You are viewing a plain text version of this content. The canonical link for it is here.
Posted to users@pulsar.apache.org by Yosi Attias <yo...@gmail.com> on 2020/03/08 12:02:17 UTC

Pulsart event routing with tenants

Hi!

*I posted this to google groups and then the message somehow disappeared, I
will send it again here. Sorry for the duplication.*

I am checking out pulsar for using it as our events bus, and it's awesome!

Our services (written in nodejs) requirements that they need to listen to
multiple tenants (or all tenants - we have 10k tenants, and it's growing)
and the list of tenants can change dynamically at runtime (changes are not
that frequent, we can have 200/300 changes max at a day).
Pulsar sounds like an excellent fit for this because I can create topic per
tenant, like "tenant:XX:events" (XX = tenant id) and use shared
subscription for consumer groups.

As I said, the list of tenants needed to be subscribed all consumers in a
group gets a message (it's broadcasted via Redis pub/sub).

I am not sure what is the best solution to implement this, I see I have two
options:

   - Client-side: consumer receives a tenant he needs listening to, and he
   adds the topic to the shard subscription - sounds a like a right solution,
   but:
      - Since all consumers will add the same topic at the same time - is
      there any issues with this?
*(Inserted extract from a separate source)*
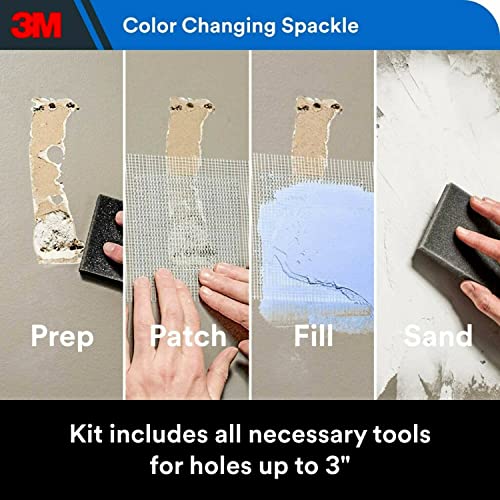 3M High Strength Hole Repair Kit, Color Changing Spackling Compound, 8 Fl Oz, Blue #TOP3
Or I need to make sure it happens
once, so only
      one consumer mutates the shared subscription?
      - There are consumers (small fraction, but important ones) that needs
      to listen to all events - this makes the subscription consume
all topics -
      is it makes sense in terms of performance? Attaching subscription to 10k+
      topics?
   - Functions: I thought about creating a function that will have a list
   of application subscriptions (not pulsar subscription) and will listen to
   the main topic called "events" (or to all tenant topics? not sure how to
   implement this with function) and will route the events based on
   subscriptions to service topic. For example, service named "users" will
   have "users-service" topic and the function will route all events to
   "users-service" topic. This sounds like a good solution as well, but:
      - I am not sure where functions are running, if they are running as a
      separate container we will have massive traffic waste - I see there is
      threaded option to run the function - is the function runs inside pulsar?
      So I don't have traffic waste?
      - Is this overkill for functions?
      - Storing of application subscriptions - I can save them inside our
      database, and I see I can store them inside pulsar state tables - what is
      most preferred here?
      - Once I want to listen to more topic - Should I notify the function
      somehow to reload the list of subscriptions (since I will cache it) OR I
      need to implement some refresh timer?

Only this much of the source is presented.